Nova linha de crédito de 150 milhões para municípios fazerem obras coercivas

Por outro lado, o Governo aprovou, esta quinta-feira, o financiamento de 150 milhões de euros aos municípios, através do Banco Português do Fomento, para financiar a realização de “obras coercivas por parte dos municípios” em casas devolutas.

O objetivo é “fomentar o cumprimento das prerrogativas dos municípios já existentes no Regime Jurídico da Urbanização e Edificação (RJUE), com a criação de uma linha de financiamento de 150 milhões de euros”, avança o Governo.
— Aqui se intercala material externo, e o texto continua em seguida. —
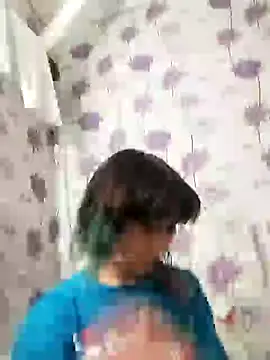 SweetLeila40 online show from February 2025 09:26:02 PM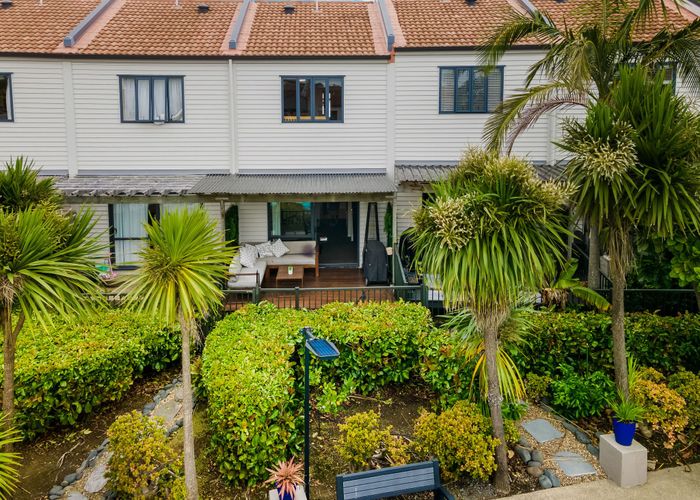 at 3/21 Armoy Drive, East Tamaki, Manukau City, Auckland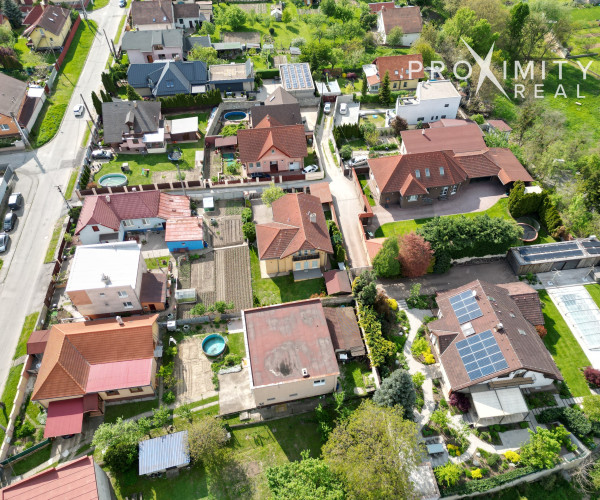 Priestranný rodinný dom s balkónmi a garážou v Barci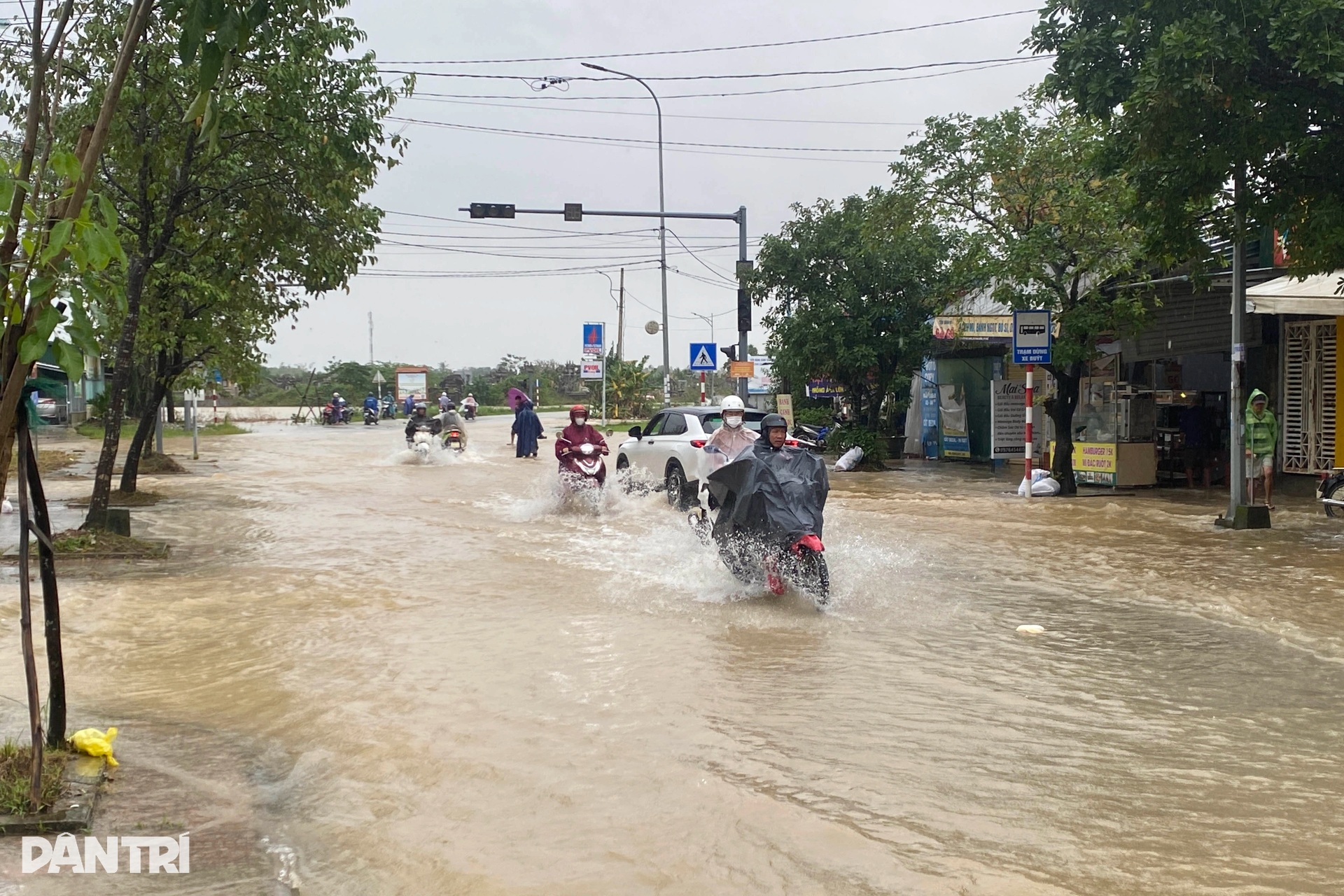 Nhiều ngôi làng ở Huế lại bị nước lũ nhấn chìm - 6 Nhiều ngôi làng ở Huế lại bị nước lũ nhấn chìm - 6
“Apesar de já existir esta prerrogativa legal, a falta de linhas de financiamento inviabiliza, muitas vezes, o cumprimento das competências dos municípios; situação que cumpre resolver com a criação desta linha de financiamento”, esclareceu o primeiro-ministro.

O Governo quer, assim, garantir que os municípios não precisam de canalizar capitais próprios para executarem estas obras coercivas, sendo a amortização do empréstimo efetuada ou através do pagamento da dívida pelo proprietário – responsável pela execução das obras, ao abrigo do dever de conservação que sobre ele impende –, ou através dos rendimentos gerados pelo imóvel, através do arrendamento.